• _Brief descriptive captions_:
▬▬▬
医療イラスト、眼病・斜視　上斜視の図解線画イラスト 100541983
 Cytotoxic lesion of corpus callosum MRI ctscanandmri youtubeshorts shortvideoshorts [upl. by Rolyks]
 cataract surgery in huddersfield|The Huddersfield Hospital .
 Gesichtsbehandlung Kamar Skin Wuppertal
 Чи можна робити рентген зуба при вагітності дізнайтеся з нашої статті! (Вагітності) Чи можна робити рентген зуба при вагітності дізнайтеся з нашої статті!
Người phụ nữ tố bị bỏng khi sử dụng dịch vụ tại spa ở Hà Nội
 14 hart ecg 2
▬▬▬
• _Your assignment_: Set out, exactly as written, the lines from the line with "Cytotoxic lesion of" to the last line of the records, inclusive, and only those lines.

• _Worked solution_:
 Cytotoxic lesion of corpus callosum MRI ctscanandmri youtubeshorts shortvideoshorts [upl. by Rolyks]
 cataract surgery in huddersfield|The Huddersfield Hospital .
 Gesichtsbehandlung Kamar Skin Wuppertal
 Чи можна робити рентген зуба при вагітності дізнайтеся з нашої статті! (Вагітності) Чи можна робити рентген зуба при вагітності дізнайтеся з нашої статті!
Người phụ nữ tố bị bỏng khi sử dụng dịch vụ tại spa ở Hà Nội
 14 hart ecg 2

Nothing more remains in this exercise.